» **What is required**: Copy exactly the last part of the entries, starting from the line with "301 177th St - Photo 1" and including the final line.

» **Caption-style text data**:
^^^^
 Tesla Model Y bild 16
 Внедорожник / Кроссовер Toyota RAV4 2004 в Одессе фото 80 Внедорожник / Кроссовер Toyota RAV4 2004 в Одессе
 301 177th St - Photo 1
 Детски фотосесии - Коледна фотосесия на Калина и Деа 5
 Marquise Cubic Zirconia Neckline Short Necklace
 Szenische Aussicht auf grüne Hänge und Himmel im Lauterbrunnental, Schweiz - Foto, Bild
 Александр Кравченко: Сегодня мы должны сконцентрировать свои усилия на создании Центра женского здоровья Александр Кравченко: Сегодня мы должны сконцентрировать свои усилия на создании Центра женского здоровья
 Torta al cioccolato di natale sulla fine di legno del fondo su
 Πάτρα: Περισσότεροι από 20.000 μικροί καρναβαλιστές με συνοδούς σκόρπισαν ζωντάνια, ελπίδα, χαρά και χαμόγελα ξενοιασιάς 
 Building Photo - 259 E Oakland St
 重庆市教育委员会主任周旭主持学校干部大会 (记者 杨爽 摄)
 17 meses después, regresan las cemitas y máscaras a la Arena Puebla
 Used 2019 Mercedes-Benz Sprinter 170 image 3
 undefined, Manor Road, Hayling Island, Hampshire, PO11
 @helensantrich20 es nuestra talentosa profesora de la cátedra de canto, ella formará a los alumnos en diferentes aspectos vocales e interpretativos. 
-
^^^^
» **Output**:
 301 177th St - Photo 1
 Детски фотосесии - Коледна фотосесия на Калина и Деа 5
 Marquise Cubic Zirconia Neckline Short Necklace
 Szenische Aussicht auf grüne Hänge und Himmel im Lauterbrunnental, Schweiz - Foto, Bild
 Александр Кравченко: Сегодня мы должны сконцентрировать свои усилия на создании Центра женского здоровья Александр Кравченко: Сегодня мы должны сконцентрировать свои усилия на создании Центра женского здоровья
 Torta al cioccolato di natale sulla fine di legno del fondo su
 Πάτρα: Περισσότεροι από 20.000 μικροί καρναβαλιστές με συνοδούς σκόρπισαν ζωντάνια, ελπίδα, χαρά και χαμόγελα ξενοιασιάς 
 Building Photo - 259 E Oakland St
 重庆市教育委员会主任周旭主持学校干部大会 (记者 杨爽 摄)
 17 meses después, regresan las cemitas y máscaras a la Arena Puebla
 Used 2019 Mercedes-Benz Sprinter 170 image 3
 undefined, Manor Road, Hayling Island, Hampshire, PO11
 @helensantrich20 es nuestra talentosa profesora de la cátedra de canto, ella formará a los alumnos en diferentes aspectos vocales e interpretativos. 
-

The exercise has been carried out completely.